Credit Suisse faces money laundering charges in trial of Bulgarian cocaine traffickers

FILE PHOTO: A Credit Suisse branch in Zurich, Switzerland, November 3, 2021. REUTERS/Arnd WIegmann

Por Brenna Hughes Neghaiwi and Silke Koltrowitz

ZURICH, Feb 7 (Reuters) – Credit Suisse will face charges in a Swiss court on Monday for allegedly allowing a Bulgarian gang of cocaine traffickers to launder several million euros, in some cases packed in suitcases.

Swiss prosecutors say the country’s No. 2 bank and one of its former relationship managers failed to take all necessary steps to prevent suspected drug traffickers from concealing and laundering cash between 2004 and 2008.

“Credit Suisse unreservedly rejects as unfounded all allegations made against it in this legacy matter and is satisfied that its former employee is innocent,” the bank said in a statement sent to Reuters.

In the first criminal trial against a large bank in Switzerland, prosecutors are seeking compensation of some 42.4 million Swiss francs from Credit Suisse, which added that it “will defend itself vigorously in court.”

The case has drawn wide interest in Switzerland, where it is seen as evidence that prosecutors could take a tougher stance against the country’s banks.

The indictment is more than 500 pages long and focuses on the relationships that Credit Suisse and its former employee had with former Bulgarian wrestler Evelin Banev and several associates, two of whom are accused in the case.

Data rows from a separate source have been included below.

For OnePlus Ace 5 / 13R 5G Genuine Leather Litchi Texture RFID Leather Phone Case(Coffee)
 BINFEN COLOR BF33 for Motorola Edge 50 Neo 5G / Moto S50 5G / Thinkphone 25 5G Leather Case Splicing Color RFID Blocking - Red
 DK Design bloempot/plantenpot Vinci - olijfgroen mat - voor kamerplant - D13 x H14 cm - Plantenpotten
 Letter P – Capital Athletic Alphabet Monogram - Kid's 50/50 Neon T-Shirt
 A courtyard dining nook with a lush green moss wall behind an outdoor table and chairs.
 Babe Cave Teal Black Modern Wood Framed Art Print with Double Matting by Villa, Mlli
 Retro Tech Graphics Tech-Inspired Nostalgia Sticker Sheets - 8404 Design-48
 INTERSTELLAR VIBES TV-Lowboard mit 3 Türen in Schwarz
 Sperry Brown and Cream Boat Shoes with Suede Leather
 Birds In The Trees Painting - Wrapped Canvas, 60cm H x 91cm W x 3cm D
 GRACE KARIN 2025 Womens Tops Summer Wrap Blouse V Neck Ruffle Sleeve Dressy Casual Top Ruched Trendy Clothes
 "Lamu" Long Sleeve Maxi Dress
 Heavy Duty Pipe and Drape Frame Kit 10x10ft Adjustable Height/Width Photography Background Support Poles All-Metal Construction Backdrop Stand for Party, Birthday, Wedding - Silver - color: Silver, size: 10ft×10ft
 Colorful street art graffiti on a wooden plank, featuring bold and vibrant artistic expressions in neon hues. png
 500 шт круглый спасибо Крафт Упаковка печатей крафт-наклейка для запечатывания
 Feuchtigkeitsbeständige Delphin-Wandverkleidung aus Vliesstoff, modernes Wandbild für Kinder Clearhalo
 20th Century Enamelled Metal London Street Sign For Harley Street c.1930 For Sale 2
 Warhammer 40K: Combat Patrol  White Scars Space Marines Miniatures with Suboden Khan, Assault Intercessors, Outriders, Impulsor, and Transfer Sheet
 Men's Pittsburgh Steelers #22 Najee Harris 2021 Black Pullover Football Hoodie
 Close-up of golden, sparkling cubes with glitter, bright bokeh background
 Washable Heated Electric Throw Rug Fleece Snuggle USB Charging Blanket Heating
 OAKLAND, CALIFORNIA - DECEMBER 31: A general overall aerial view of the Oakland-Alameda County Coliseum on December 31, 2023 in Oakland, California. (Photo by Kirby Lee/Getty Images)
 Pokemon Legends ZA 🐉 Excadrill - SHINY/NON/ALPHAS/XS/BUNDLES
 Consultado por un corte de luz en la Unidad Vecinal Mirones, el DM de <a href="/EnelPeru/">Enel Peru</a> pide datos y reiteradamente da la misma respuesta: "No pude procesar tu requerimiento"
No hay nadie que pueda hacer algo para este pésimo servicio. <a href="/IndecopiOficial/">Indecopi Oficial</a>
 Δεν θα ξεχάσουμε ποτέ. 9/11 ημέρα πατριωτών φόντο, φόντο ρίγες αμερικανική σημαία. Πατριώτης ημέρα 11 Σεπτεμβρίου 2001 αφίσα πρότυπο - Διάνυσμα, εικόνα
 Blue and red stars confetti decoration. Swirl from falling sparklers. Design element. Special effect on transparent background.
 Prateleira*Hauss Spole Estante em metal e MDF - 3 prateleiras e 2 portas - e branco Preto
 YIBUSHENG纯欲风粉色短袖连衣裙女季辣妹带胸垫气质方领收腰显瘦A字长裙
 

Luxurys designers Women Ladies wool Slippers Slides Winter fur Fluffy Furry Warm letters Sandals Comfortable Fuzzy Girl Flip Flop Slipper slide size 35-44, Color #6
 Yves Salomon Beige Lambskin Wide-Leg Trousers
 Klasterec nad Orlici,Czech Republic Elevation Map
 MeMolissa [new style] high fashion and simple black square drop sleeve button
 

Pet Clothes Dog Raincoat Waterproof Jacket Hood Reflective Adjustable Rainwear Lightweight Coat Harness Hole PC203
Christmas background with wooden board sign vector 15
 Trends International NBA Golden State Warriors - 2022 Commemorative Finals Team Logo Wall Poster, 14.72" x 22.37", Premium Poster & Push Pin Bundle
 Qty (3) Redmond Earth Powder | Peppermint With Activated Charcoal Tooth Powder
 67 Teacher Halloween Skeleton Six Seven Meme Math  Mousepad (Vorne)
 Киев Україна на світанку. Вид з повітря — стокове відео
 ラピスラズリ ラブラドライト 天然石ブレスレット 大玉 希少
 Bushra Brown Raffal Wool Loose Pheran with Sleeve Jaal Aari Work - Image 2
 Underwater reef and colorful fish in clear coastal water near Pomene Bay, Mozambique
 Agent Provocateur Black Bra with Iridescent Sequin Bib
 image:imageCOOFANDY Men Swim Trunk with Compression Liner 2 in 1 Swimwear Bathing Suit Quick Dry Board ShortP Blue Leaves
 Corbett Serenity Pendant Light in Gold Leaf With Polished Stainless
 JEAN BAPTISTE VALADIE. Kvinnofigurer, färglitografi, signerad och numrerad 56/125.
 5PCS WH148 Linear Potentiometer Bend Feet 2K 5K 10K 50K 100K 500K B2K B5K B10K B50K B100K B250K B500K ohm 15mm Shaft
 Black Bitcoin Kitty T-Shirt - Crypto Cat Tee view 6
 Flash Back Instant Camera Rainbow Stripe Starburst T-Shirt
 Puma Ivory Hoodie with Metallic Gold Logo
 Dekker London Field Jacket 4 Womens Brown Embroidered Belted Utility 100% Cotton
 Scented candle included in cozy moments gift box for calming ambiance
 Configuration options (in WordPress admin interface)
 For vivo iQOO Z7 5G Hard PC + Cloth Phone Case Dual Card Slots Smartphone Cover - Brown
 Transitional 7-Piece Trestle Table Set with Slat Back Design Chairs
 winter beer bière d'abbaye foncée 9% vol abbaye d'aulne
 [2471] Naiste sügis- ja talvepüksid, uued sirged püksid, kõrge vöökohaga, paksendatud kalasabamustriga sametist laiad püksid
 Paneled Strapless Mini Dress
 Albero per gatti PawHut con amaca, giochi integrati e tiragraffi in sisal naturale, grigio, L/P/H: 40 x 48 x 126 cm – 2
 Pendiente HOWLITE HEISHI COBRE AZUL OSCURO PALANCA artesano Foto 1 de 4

A second indictment in the case accuses a former Julius Baer relationship manager of facilitating money laundering.

A legal representative for the former Credit Suisse employee, who cannot be named under Swiss privacy laws, said the case was unjustified and his client denied any wrongdoing.

A lawyer for the two alleged gang members, who face charges of misappropriation, fraud and document falsification in Swiss federal court but who cannot be named under Swiss privacy laws, declined to comment. An attorney for Julius Baer’s former relationship manager did not respond to requests for comment.